If you assault me it is not like damaging my car, you injure me; if I am kissed on the lips, I am kissed, not a phantom or some appurtenance of mine. How do we cope with this dilemma? Some will say at this point that the dilemma is just what philosophers invariably end up in by tackling their problems in the present way. There must be something phoney about an investigation where we seem to be driven round in circles saying now one thing and then, with equal conviction, the opposite. We have, perhaps, a pseudo problem on our hands and the whole enterprise must be radically changed before we make any headway.

And it was in the confident assurance that this was the fate which awaited him, inevitably in virtue of what we are and not because of any unkindly or hostile attitude of any other power towards us, that Hume drew to the close of his own life, with great self-possession and humour as we have seen. The position adopted here by Hume is compatible with a distinction between extended and non-extended existence, and he himself based the distinction upon that between impressions of sight and touch, which alone give us the idea of extension, and those of sound, taste, smell and feeling which do not.
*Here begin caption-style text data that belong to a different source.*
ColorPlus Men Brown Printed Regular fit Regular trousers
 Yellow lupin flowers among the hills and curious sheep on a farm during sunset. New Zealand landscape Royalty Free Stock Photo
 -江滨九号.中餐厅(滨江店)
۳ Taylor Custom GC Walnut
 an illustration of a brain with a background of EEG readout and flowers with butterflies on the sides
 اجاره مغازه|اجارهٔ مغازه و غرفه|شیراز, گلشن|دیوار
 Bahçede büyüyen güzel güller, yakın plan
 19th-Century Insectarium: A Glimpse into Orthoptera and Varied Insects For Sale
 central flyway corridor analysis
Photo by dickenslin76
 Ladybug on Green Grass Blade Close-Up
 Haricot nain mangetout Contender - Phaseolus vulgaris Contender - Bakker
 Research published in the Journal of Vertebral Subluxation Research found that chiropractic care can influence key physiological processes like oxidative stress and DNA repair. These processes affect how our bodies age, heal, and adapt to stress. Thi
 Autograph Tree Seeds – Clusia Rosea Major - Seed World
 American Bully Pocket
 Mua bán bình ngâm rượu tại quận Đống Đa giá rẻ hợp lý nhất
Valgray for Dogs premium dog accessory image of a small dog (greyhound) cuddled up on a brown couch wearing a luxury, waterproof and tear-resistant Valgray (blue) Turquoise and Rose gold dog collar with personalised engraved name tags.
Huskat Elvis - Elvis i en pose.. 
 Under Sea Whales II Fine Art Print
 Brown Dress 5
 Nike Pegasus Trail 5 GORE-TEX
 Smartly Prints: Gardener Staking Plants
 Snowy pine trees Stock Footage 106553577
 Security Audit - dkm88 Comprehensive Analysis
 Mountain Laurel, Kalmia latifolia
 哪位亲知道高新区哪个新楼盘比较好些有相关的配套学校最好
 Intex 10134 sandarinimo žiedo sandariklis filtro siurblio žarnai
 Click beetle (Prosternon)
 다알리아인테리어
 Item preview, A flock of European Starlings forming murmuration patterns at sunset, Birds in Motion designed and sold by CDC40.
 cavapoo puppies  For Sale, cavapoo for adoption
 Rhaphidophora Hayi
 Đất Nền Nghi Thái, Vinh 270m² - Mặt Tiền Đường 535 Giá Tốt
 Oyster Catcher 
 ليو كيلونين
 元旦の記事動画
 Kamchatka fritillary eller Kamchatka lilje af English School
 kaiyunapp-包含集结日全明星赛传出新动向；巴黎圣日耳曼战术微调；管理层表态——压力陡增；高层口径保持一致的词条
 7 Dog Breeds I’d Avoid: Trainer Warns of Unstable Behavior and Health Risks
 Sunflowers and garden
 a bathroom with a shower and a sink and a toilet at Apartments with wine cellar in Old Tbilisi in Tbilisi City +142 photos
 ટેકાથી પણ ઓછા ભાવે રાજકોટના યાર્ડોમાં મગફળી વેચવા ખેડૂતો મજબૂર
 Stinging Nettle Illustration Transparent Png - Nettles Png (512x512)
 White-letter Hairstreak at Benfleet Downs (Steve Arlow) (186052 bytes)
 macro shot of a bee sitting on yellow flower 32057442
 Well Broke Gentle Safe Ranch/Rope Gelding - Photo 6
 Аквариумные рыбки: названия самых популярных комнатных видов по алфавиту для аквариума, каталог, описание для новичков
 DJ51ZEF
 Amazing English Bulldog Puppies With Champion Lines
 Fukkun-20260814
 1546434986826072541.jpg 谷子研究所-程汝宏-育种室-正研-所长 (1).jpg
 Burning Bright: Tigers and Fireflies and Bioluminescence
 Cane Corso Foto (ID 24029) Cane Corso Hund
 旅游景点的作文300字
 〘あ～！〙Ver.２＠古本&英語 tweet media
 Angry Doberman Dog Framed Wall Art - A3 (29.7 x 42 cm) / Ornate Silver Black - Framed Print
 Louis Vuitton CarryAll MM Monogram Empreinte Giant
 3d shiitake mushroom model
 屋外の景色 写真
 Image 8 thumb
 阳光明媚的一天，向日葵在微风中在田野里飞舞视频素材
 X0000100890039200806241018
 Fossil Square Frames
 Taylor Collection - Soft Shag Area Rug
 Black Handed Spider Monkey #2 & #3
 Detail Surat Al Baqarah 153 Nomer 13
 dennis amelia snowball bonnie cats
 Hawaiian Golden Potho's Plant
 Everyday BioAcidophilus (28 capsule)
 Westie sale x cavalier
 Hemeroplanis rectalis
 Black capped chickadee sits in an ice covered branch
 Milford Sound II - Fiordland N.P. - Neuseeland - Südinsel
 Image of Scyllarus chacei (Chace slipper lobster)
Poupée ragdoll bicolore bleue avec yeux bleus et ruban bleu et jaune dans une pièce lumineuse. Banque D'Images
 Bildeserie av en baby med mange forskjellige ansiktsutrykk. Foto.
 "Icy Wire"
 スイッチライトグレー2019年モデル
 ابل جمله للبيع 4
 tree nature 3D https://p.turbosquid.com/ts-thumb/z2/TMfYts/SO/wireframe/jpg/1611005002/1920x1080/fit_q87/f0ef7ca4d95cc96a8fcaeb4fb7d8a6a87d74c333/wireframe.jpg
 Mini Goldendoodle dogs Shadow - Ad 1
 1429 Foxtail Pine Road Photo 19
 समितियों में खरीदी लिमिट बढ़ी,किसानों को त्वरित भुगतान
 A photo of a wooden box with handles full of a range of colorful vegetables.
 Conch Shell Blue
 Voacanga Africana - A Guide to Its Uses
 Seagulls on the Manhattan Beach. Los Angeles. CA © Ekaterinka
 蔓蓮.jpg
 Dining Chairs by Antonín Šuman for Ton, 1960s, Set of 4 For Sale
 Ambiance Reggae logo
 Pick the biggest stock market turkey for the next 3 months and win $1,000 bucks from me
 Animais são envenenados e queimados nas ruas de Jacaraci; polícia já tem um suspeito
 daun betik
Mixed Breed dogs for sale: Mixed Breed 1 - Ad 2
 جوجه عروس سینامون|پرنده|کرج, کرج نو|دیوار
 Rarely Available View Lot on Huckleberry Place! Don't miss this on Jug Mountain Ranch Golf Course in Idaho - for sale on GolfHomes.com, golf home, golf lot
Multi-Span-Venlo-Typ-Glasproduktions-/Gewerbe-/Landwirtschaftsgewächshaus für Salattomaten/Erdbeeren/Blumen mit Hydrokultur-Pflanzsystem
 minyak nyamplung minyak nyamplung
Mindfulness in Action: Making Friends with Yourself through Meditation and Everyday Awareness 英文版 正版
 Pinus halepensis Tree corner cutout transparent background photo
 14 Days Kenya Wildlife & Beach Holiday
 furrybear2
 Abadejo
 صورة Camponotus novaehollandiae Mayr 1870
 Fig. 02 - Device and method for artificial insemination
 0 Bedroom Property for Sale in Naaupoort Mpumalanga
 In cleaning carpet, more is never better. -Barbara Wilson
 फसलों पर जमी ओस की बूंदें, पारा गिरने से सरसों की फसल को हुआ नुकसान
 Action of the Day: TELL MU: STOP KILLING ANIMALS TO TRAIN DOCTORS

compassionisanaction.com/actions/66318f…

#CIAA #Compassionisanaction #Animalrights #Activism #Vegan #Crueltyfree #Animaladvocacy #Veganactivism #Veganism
We do somehow think of ourselves as beings in our own right, however much we may acknowledge our indebtedness to others and to society. We could not, admittedly, exist without other people and the world we inhabit, we could not be in a void; and there seems to be more than a recognition of causal factors here. There may even be some sense in which our responsibilities are shared, though that is a very tricky question. But when every allowance of this sort has been made, there remains the very firm impression that everyone of us has some kind of being or actual reality to which the idea of'a centre' or 'focus' or 'principle' seems hardly to do proper justice.